As of May, 2013, investigators had registered more than 1000 systematic review protocols from 27 countries. The National Institutes for Health Research, UK, have mandated the registration of systematic reviews that they fund. The Canadian Institutes of Health Research are working on a similar policy initiative. Systematic Reviews, an open-access Medline-indexed journal, publishes systematic review protocols. Since launch in February, 2012, the journal has published 89 protocols (as of November, 2013). These initiatives will also enable researchers to periodically assess the association between review protocols and final publications.
For preclinical laboratory and animal studies, pre-specified protocols that are publicly deposited might also be desirable. Researchers who do this research have little experience of using protocols, and feasibility needs to be probed. Date-stamped study protocols—including a statement of purpose or the hypotheses to be tested, power calculations, methods for data collection, and a statistical analysis plan—could be made available to journal reviewers on request.

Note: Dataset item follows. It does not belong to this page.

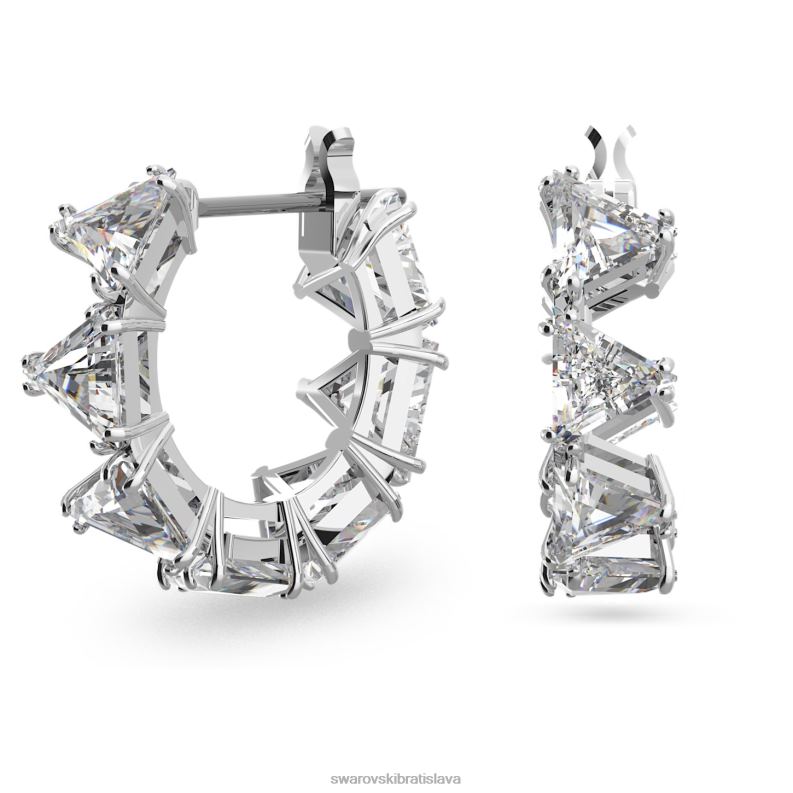 ortyxové kruhové náušnice trojuholníkový výbrus, biely, rhodiovaný B8ZNT887 Swarovski šperky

Options for improvement: use of information, and precision, power, and outcomes
Whenever appropriate, proposals for study funding should include realistic calculations of power or expected precision based on clinically relevant outcomes. Investigators designing clinical trials should consider pragmatic designs58,59 and patient-centred outcomes,60,61 which would be important to the end-users of the research (see also Chalmers and colleagues42 in this Series). When feasible, investigators might consider the value of information anticipated from the study in view of its anticipated cost.
Biobanks and clinical data registries are constructed to have several uses; some uses might be predicted and others will arise with emergence of new technologies and new questions of interest. Nevertheless, some rational design calculations (power or sample size, or precision) should be done, at least those based on uses foreseeable at the time the study was designed.62 Protocols should be written prospectively for studies on the basis of such data repositories. Translational research for new technologies (eg, the development of diagnostic tests from genomics) might benefit from value of information analysis because of rapidly evolving information and the inability to do randomised clinical trials in many cases. Formal methods of modelling have been suggested.63
For animal studies, effects of realistic treatment doses might be small, and therefore appropriately powered studies will have to be large. To increase the generalisability of findings, investigators should plan for heterogeneity in the circumstances of testing.64,65 For these large studies to be feasible, consideration should be given to the development of multicentre animal studies.66,67
Options for improvement: consideration of evidence
Researchers should anticipate evidence from continuing research when they design new studies. For example, investigators designing new randomised trials should consider previous trials and trials that are in progress to identify the most important remaining questions and comparisons.42,68 This awareness of all evidence44 might improve efficiency in use of resources and provide more informative results. Several specialties have been transformed by large-scale collaborative consortia of investigators working on the same subject, particularly human genome epidemiology.69,70 Large and inclusive consortia can have a more comprehensive view of what is already available or underway in the specialty through the enhancement of communication between investigators. New and interesting ideas can be proposed by individual investigators and then tested efficiently at the consortium level. Consortia have been particularly successful in situations in which there is consensus that maximisation of sample size is paramount, such as in genome-wide association studies.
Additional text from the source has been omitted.